An LLC is also a poor mechanism to use to do something like that. Among other things, the application for the EIN would reveal facts about the underlying single member that would be available for authorities to summarily prove their case of an immigration violation which would also be flagged for audit on tax returns.
A state law corporation taxed as a C corporation could be potentially more effective, although not quite in the scenario laid out in the original post, and are used sometimes in the construction industry. There is no obligation to issue a 1099 to a state law corporation or to get its taxpayer ID (unless it is practicing law or in a few other exception cases) when making payments to it, which is the practical trigger for needing a taxpayer ID on Form W-9 from independent contractors in most cases.
Also, so long as the C corporation is incorporate in a U.S. jurisdiction and does not pay dividends, it does not have to report information about its shareholders to the IRS in most instances, and while shareholder/officer/director information including that person's SSN must be used to obtain the initial EIN of the C corporation, the EIN of the C corporation does not change if its all of its shares are sold to someone new, and it has new officers and/or directors.
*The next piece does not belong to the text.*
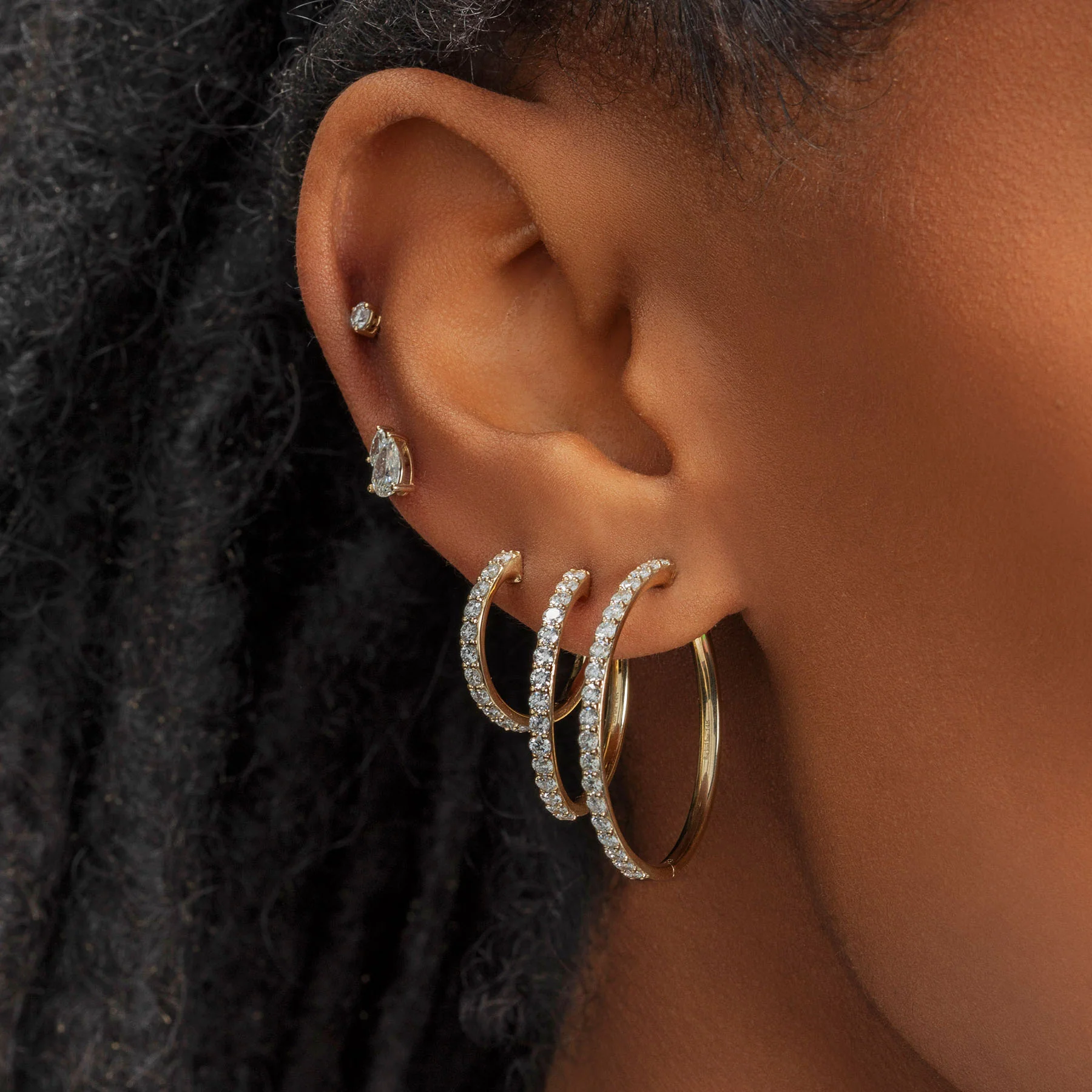 Double Extra Large Biggie Hoop - White Diamond / 14k Yellow Gold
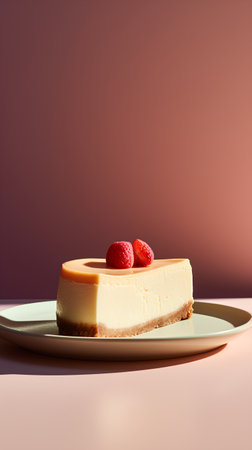 Cheesecake with raspberries on a plate. 3d renderingの素材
Furthermore, non-citizens who are not authorized to work in the U.S. are not prohibited from owning shares as passive investors in a U.S. C corporation, or from receiving dividends from it, so long as there is tax withholding when the dividends are paid by the C corporation to its shareholders.
So, if a manufacturer or wholesaler enters into a distributorship contract with a C corporation to sell knives on a commission basis, for example, and the C corporation does so, and then pays tax, first at the C corporation entity level and then withholds tax on dividends paid to its shareholders who are not U.S. citizens, it has not, on its face, obviously violated any immigration laws or tax reporting laws, and has not in any officially filed document confessed to violating the law.
The problem with that arrangement is that if the reason that the C corporation is able to generate revenues is that someone who is not authorized to work in the U.S. is doing the work, and is benefiting from it economically, for example, in a single shareholder C corporation, then the person doing the work and the C corporation are both engaged in immigration law violations and tax law violations as well because the payments characterized as dividends would actually be deemed to be wages from which wage withholding was not made (which someone who is aware of the situation could tip off ICE or the IRS about).
If the manufacturer or wholesale distributor knew about this arrangement, or was willfully blind to it, that manufacturer or wholesale distributor could have liability or face criminal charges for conspiring to commit immigration and/or tax law violations.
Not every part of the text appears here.